## STORED DATA
◇ ◇ ◇ ◇

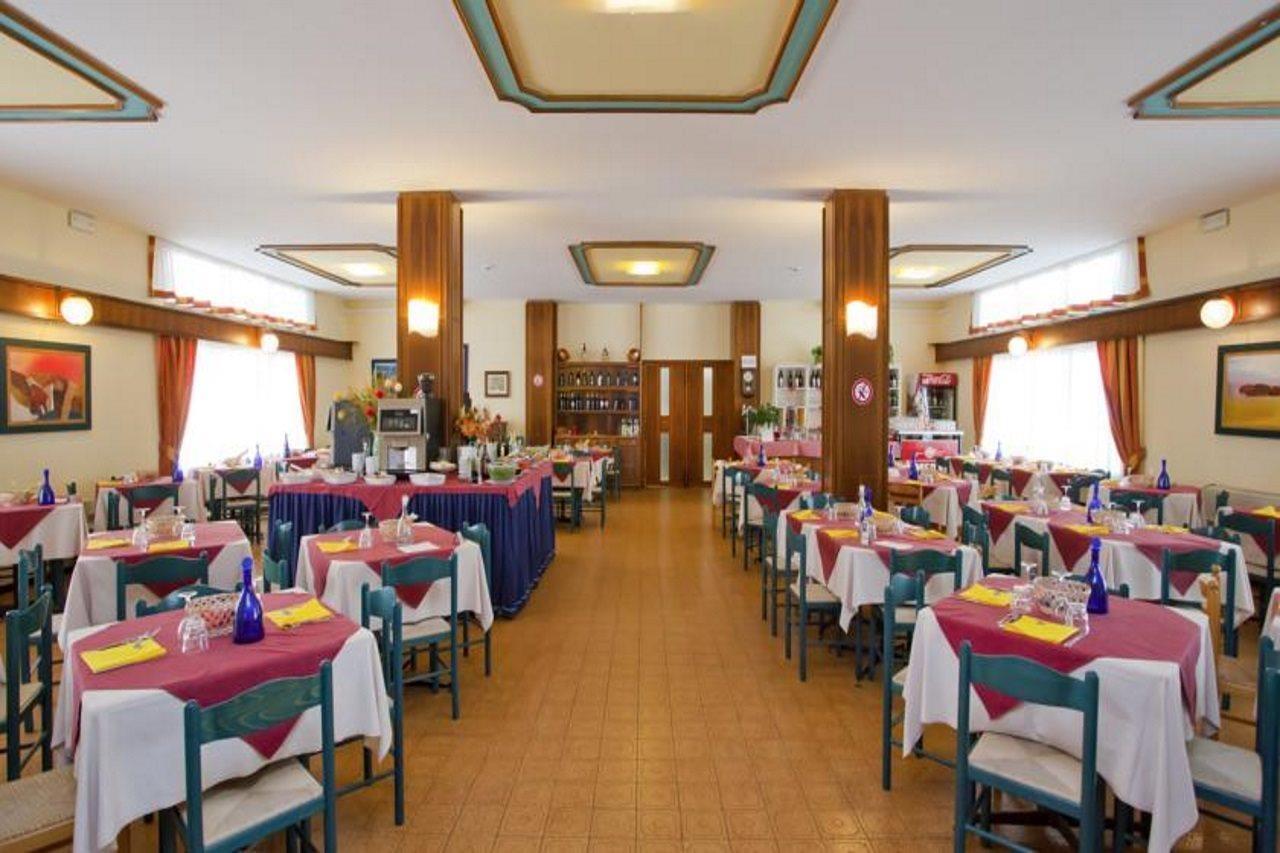 Hotel Bettina Lido di Jesolo Bagian luar foto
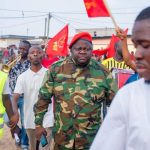 Quand un député en tenue militaire harangue la foule : une violation de la loi passée sous silence ?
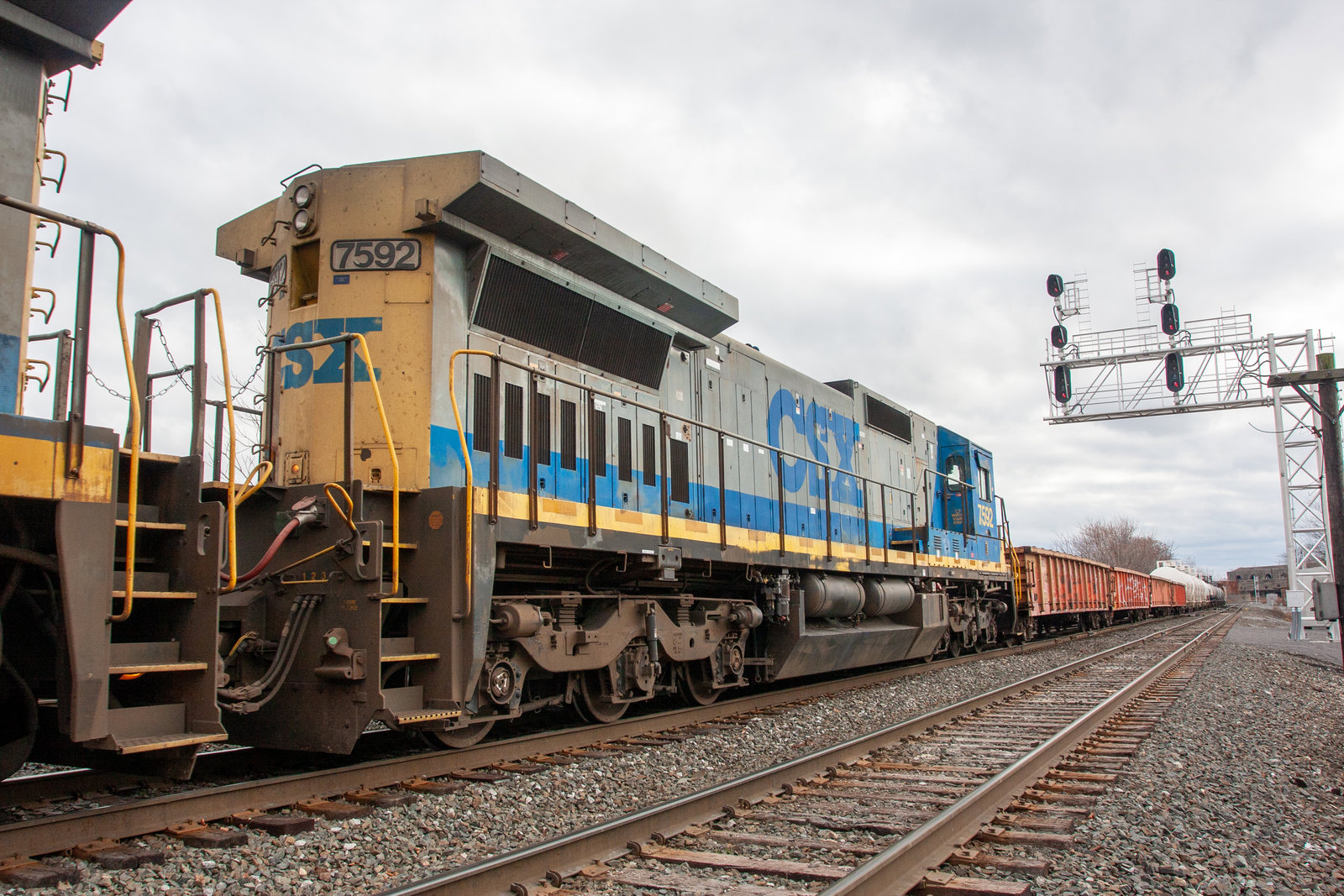 CSXT 7592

◇ ◇ ◇ ◇

## TASK INSTRUCTIONS
Retype all the data exactly. Omit pictures.

## WRITTEN RESPONSE
 Hotel Bettina Lido di Jesolo Bagian luar foto
 Quand un député en tenue militaire harangue la foule : une violation de la loi passée sous silence ?
 CSXT 7592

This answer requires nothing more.